╭─ RECORDS PROVIDED
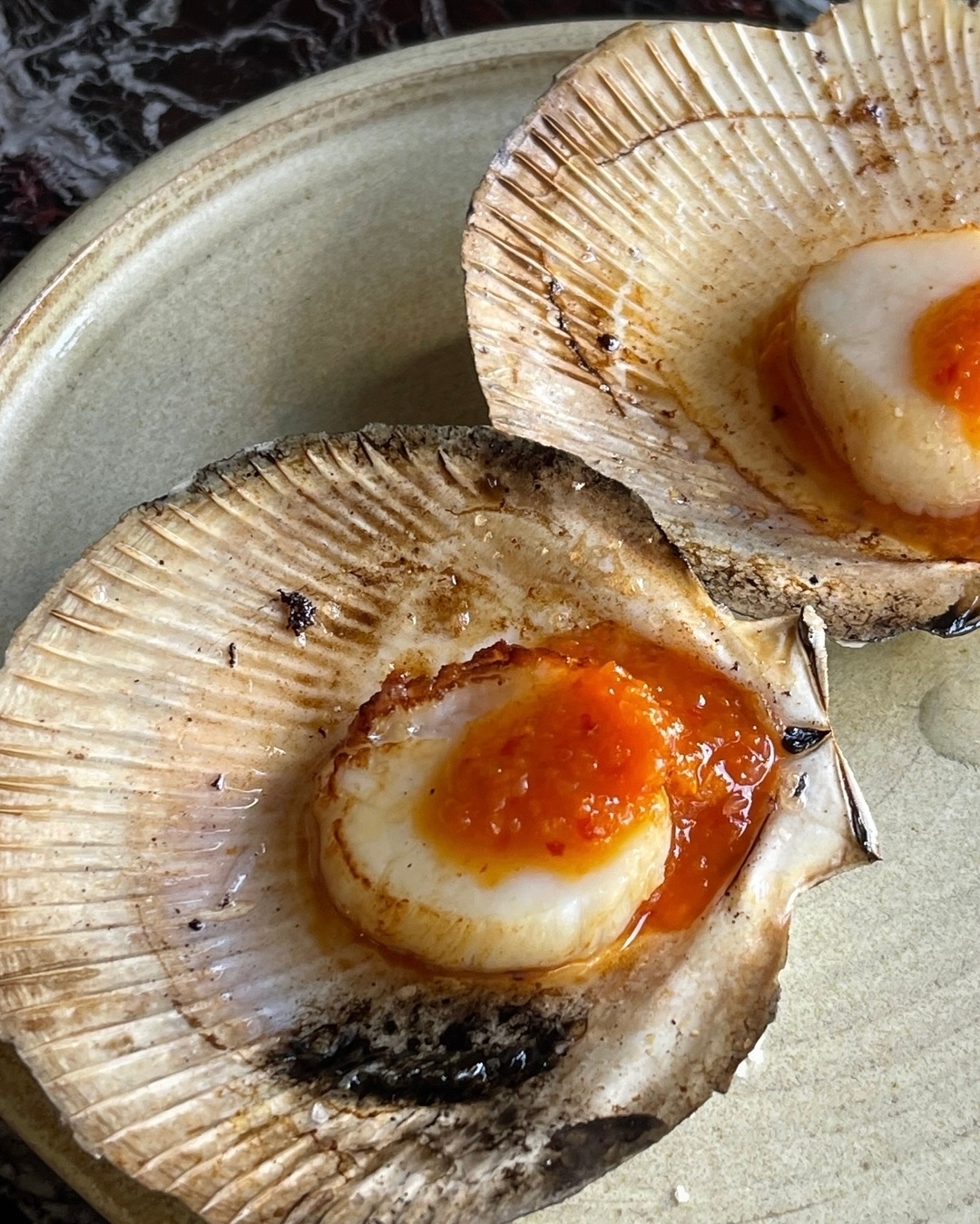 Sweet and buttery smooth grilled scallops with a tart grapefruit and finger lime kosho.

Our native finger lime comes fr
╰─
╭─ RECORDS PROVIDED
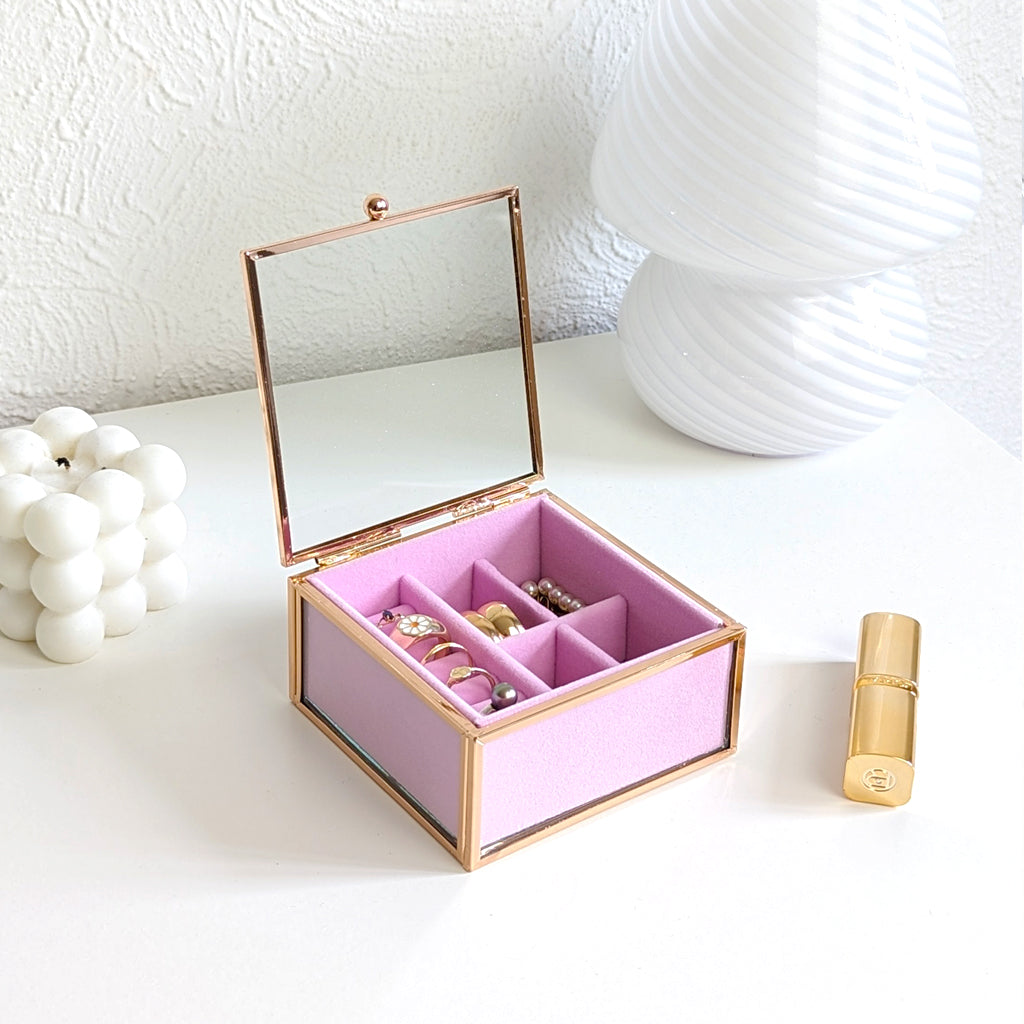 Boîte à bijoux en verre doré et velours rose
╰─
╭─ RECORDS PROVIDED
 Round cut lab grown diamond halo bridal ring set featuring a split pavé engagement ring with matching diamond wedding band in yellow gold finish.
╰─
TASK DESCRIPTION: Given the entries above, transcribe exactly the lines from the one holding "Sweet and buttery" through the one holding "Our native finger lime comes fr"; pictures do not belong in the transcription.

RESPONSE:
 Sweet and buttery smooth grilled scallops with a tart grapefruit and finger lime kosho.

Our native finger lime comes fr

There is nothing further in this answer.